___ RECORD EXTRACTS

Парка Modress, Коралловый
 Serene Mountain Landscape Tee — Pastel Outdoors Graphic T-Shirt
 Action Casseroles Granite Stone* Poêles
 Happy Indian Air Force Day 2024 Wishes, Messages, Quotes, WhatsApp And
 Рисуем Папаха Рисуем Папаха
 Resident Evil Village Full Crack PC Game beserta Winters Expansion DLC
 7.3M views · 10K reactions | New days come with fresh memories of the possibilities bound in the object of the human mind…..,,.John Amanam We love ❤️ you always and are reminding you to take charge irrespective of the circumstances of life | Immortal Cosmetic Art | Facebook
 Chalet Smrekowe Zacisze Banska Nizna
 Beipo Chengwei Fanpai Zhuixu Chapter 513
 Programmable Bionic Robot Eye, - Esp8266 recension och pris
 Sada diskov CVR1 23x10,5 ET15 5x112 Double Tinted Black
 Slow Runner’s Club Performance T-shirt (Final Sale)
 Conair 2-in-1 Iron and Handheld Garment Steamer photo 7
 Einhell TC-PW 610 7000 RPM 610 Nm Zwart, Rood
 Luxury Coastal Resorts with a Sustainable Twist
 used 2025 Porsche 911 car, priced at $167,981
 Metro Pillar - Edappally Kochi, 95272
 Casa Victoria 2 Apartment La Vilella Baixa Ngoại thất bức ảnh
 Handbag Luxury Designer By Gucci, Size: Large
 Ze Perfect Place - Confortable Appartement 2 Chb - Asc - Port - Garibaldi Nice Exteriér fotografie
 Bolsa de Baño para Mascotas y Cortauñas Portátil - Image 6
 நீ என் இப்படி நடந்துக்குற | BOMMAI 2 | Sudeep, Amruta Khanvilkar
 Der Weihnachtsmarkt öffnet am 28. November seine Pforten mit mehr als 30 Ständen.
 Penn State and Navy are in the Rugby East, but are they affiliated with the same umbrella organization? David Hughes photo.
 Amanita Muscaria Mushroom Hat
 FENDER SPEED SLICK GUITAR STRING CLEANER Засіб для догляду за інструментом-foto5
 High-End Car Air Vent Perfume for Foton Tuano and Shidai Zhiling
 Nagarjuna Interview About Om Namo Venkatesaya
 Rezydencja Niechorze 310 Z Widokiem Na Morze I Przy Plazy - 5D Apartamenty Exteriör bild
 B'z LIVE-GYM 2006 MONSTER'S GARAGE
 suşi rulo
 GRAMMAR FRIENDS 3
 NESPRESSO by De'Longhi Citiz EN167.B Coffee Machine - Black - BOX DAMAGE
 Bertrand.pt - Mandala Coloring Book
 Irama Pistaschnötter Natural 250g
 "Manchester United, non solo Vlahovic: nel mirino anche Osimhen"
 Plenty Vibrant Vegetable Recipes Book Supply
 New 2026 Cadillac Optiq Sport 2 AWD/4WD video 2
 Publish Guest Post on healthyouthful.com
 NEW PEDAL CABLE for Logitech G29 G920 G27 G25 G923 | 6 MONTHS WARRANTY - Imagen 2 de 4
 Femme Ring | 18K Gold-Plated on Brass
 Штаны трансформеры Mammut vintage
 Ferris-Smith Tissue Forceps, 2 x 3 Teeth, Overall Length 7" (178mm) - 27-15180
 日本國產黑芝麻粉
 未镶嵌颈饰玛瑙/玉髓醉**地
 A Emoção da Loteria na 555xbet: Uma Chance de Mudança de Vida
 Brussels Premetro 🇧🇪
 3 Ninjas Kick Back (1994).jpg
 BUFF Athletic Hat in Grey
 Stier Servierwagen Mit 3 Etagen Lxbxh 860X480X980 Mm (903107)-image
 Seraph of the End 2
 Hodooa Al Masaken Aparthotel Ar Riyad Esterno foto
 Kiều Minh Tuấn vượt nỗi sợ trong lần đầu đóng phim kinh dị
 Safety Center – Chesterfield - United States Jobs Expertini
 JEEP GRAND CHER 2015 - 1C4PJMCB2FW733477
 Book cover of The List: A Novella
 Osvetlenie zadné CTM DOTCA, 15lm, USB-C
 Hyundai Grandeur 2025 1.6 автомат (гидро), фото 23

______

▶ WORK INSTRUCTION
Output nothing but the lines from the one containing "Hodooa Al Masaken" through the last line of the data, exactly as they stand.

▶ SOLUTION TO THE EXERCISE
 Hodooa Al Masaken Aparthotel Ar Riyad Esterno foto
 Kiều Minh Tuấn vượt nỗi sợ trong lần đầu đóng phim kinh dị
 Safety Center – Chesterfield - United States Jobs Expertini
 JEEP GRAND CHER 2015 - 1C4PJMCB2FW733477
 Book cover of The List: A Novella
 Osvetlenie zadné CTM DOTCA, 15lm, USB-C
 Hyundai Grandeur 2025 1.6 автомат (гидро), фото 23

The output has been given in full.